Reminded that the fans in Staples Center have been chanting, "We want Phil," D'Antoni says, "They can't chant, 'We want Mike,' because they got him."
D'Antoni's older brother Dan will join him on the Lakers' coaching staff, and D'Antoni says he will reach out to the defensive-minded Nate McMillan later.
The only time D'Antoni gets defensive is when defense is mentioned and it's suggested there is no D in D'Antoni.
"Do you know how old that is?" he says.
"OK, so people say when it comes to defense, your teams are horrible."
"You're listening to the wrong guys, so there you go," Antoni says.
Sorry, dropped the D.
"The D I have right now is Dwight," he says. "I've got Dwight Howard back there and we'll see how that D helps my name.

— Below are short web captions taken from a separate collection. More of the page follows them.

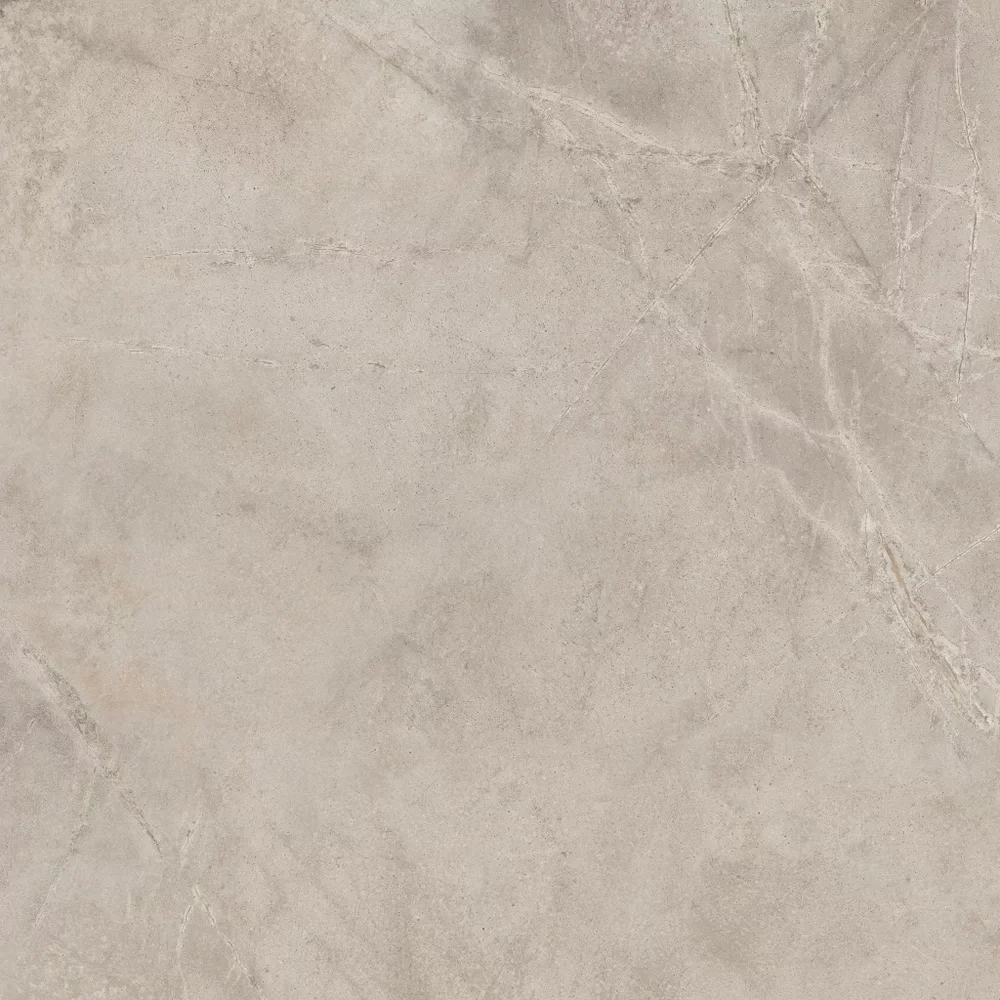 Carreau Atlantis Sand par ABK en beige, finition Naturel, 120x120, épaisseur 8.5 mm.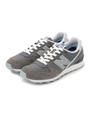 【New Balance】New Balance WR996IB/GRY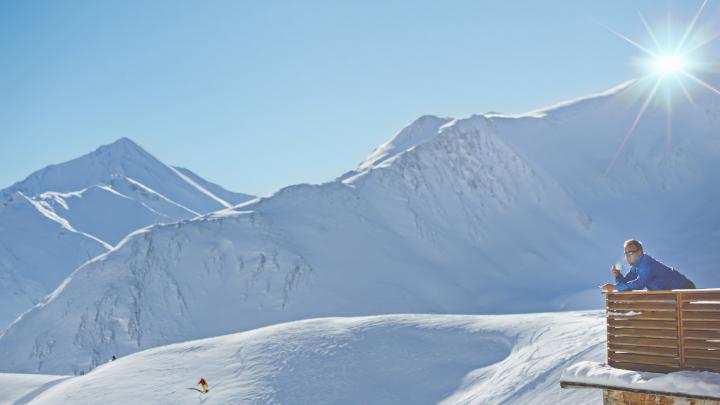 VIP shortski VIP shortski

"We have great defenders; what am I going to tell them? Not to play defense? We're going to be good defensively."
The Lakers say they hired D'Antoni because he's a better fit with these players than Jackson. It's ludicrous.

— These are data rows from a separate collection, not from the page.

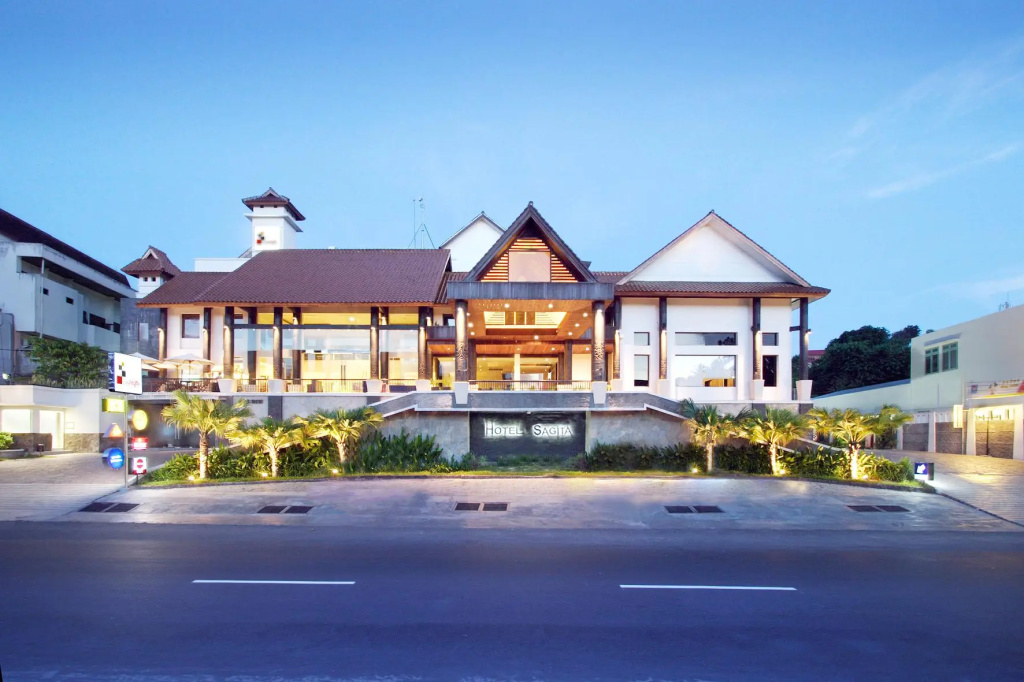 Hotel Horison Sagita Balikpapan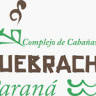 Complejo Cabañas Quebracho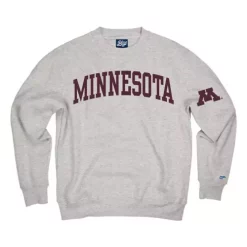 Blue 84 Minnesota Golden Gophers Original Crewneck Sweatshirt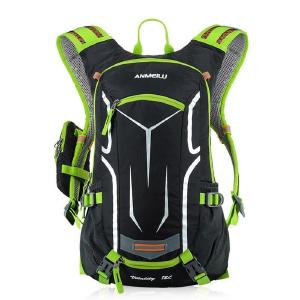 18L Outdoor Cycling Backpack Bike Backpack Men'S And Women'S Shoulder Bag Riding Equipment Buy Cheap 2025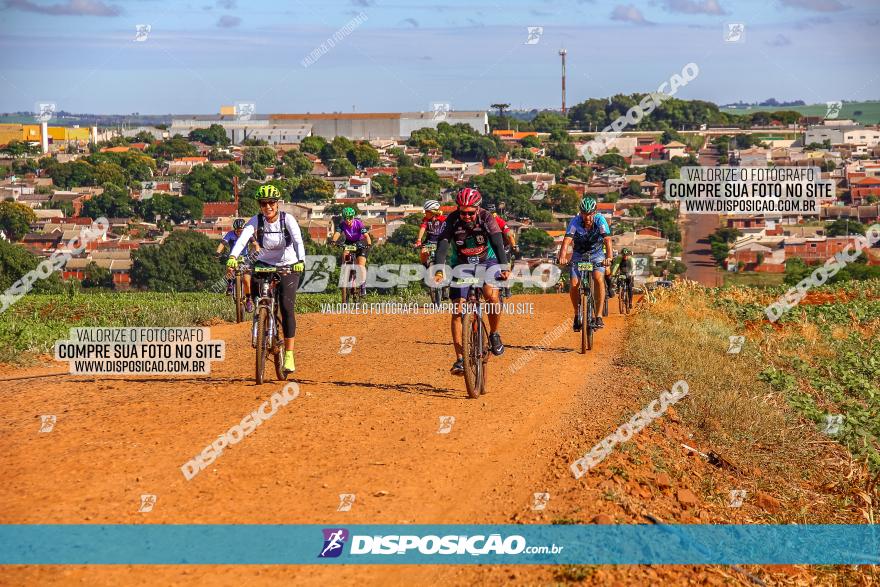 1º PEDAL ESPECIAL EM PROL DA APAE DE PAIÇANDU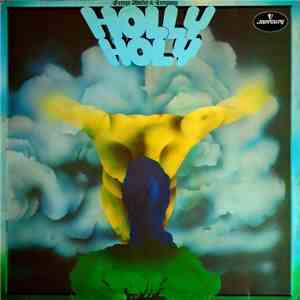 George Walker & Company - Holly Holy FLAC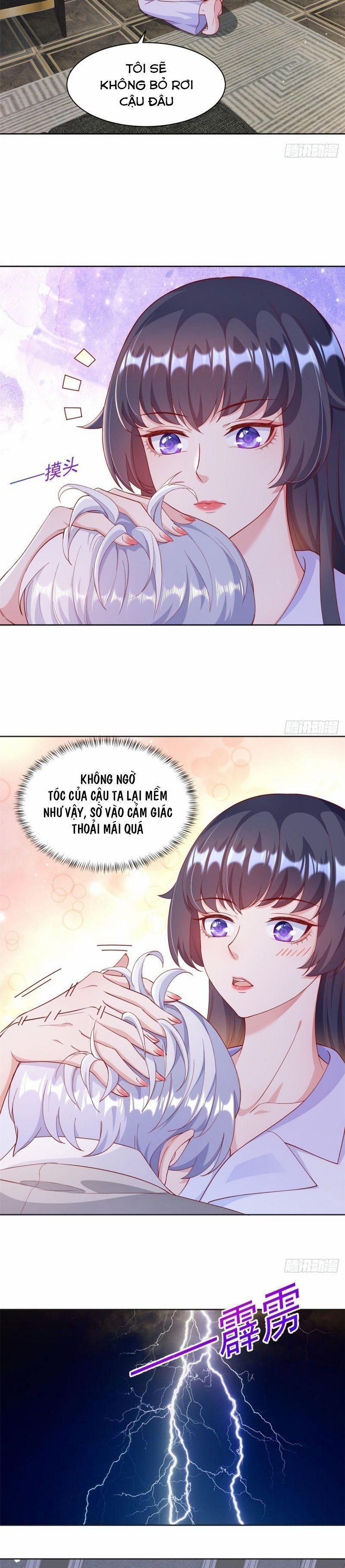 Trở Thành Lão Đại Từ Việc Tiêu Tiền 24 trang 5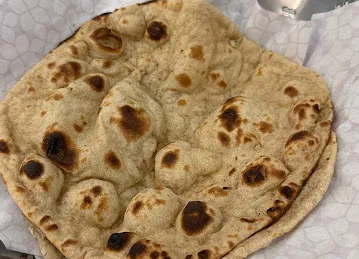 Kamat Vegetarian - Al Qusais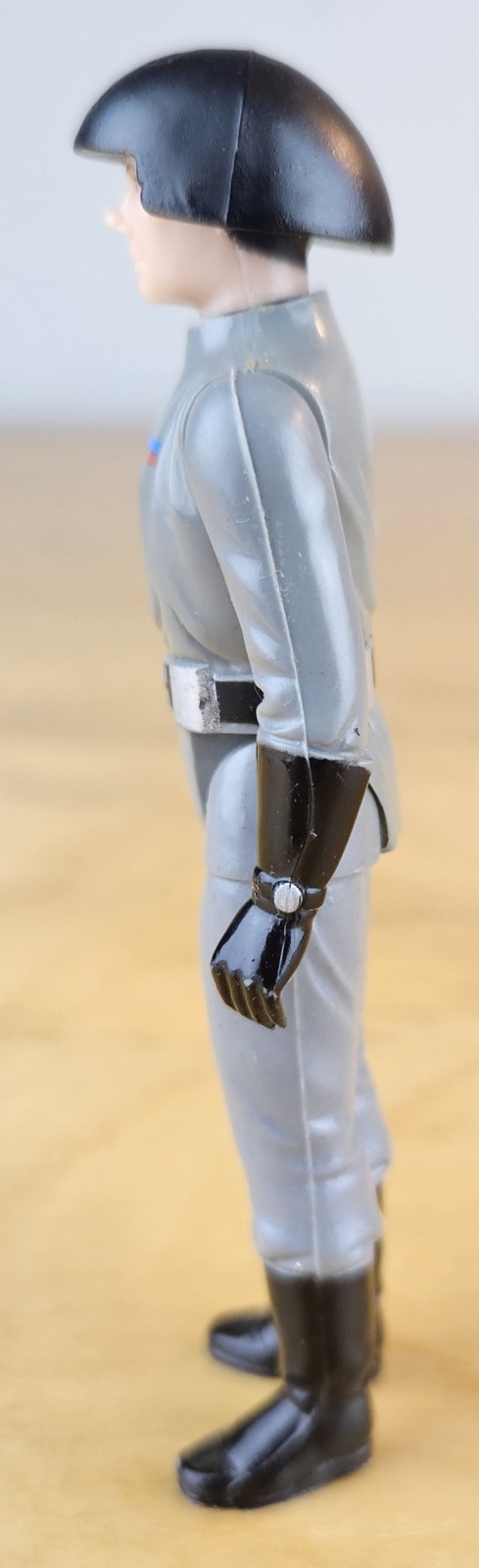 Death Squad Commander (Star Destroyer Commander) sold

D'Antoni's style of play might be a better fit for fans tired of the triangle, but the Lakers' aging roster and shallow bench might not suit his style.

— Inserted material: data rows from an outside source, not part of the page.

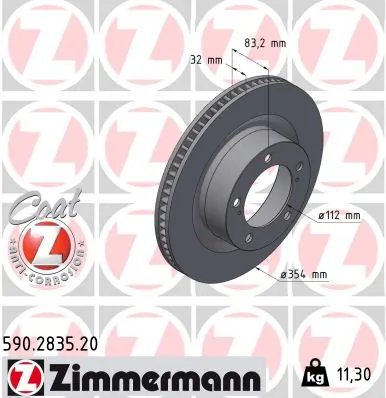 Zimmermann 590283520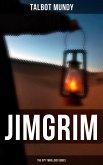 Jimgrim - The Spy Thrillers Series (eBook, ePUB)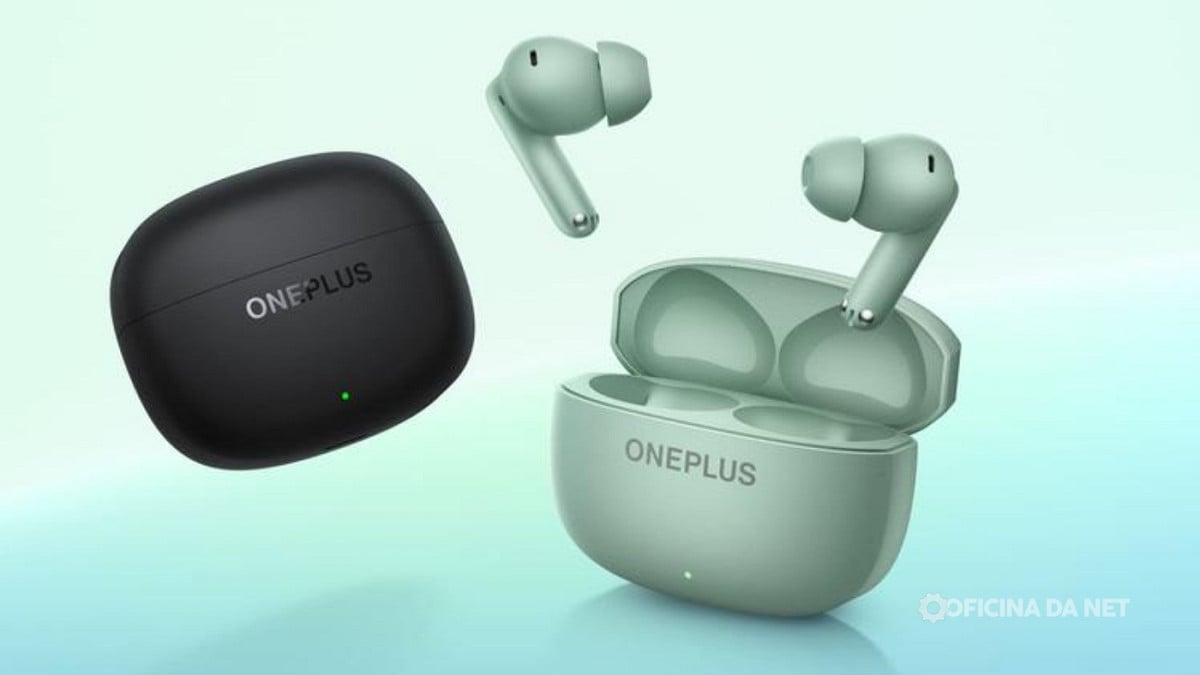 OnePlus Nord Buds 4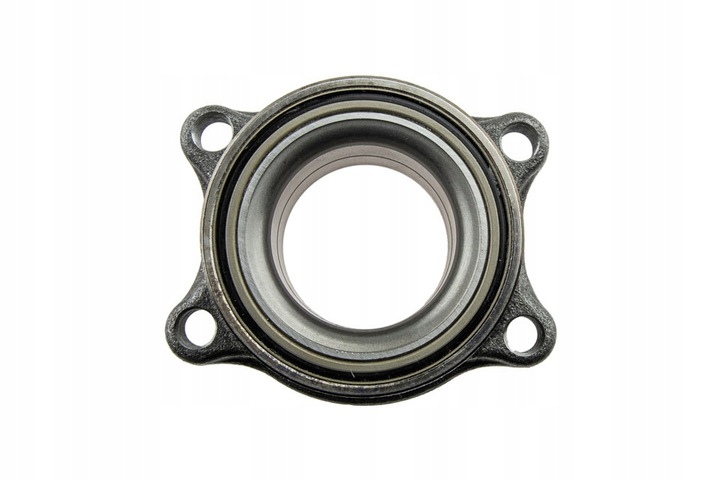 фото №13, Ступиця колеса зад infiniti fx35/45 -08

"I've always looked at Showtime as the model we would like to pursue," he says. "And we can run, and push the ball.
"It's going to be a great offensive team," he says. "It might not be seven seconds or less. Maybe the next book has to be 20 seconds or less."
The ball will start in Nash's hands before he passes it to Kobe. "I've got no problem with Kobe going off for 60," he says. "I know his mind-set; it's same as mine: Win."
D'Antoni says, "We'll put shooters all over the place," ignoring how shallow the Lakers' bench is. And he calls Steve Blake "a great shooter," so we know he's a dreamer.
We've been told he's close to Kobe, but in the book ":07 Seconds or Less," about the Suns' 2005-06 season, D'Antoni mocks Kobe for sharing the ball in the 2006 playoff series.
"Well, isn't that what you're supposed to do?" asks D'Antoni in the book. "Now he's the savior because he's playing that way? He's no god."
D'Antoni laughs. "Did I say that? I'm sure I said that. I'm sure Kobe will beat me up for it too, and he should. But he knows I have the most respect for him of anybody."
Jackson called Kobe "uncoachable" in one of his books, and D'Antoni has his own experience with Carmelo Anthony.
"Hell, I'm uncoachable at times," he says. "I've never been around anyone with the intensity Kobe has. …Sometimes he might come off the floor cussing me out in Italian, which is good so people won't understand. I'm cool with that."
Jackson has 203 more playoff wins than D'Antoni, but it's the next set of playoff games that matter.
"And we're going to be good, he promises. "And have fun along the way."
Worst case scenario, he knows a good retirement home.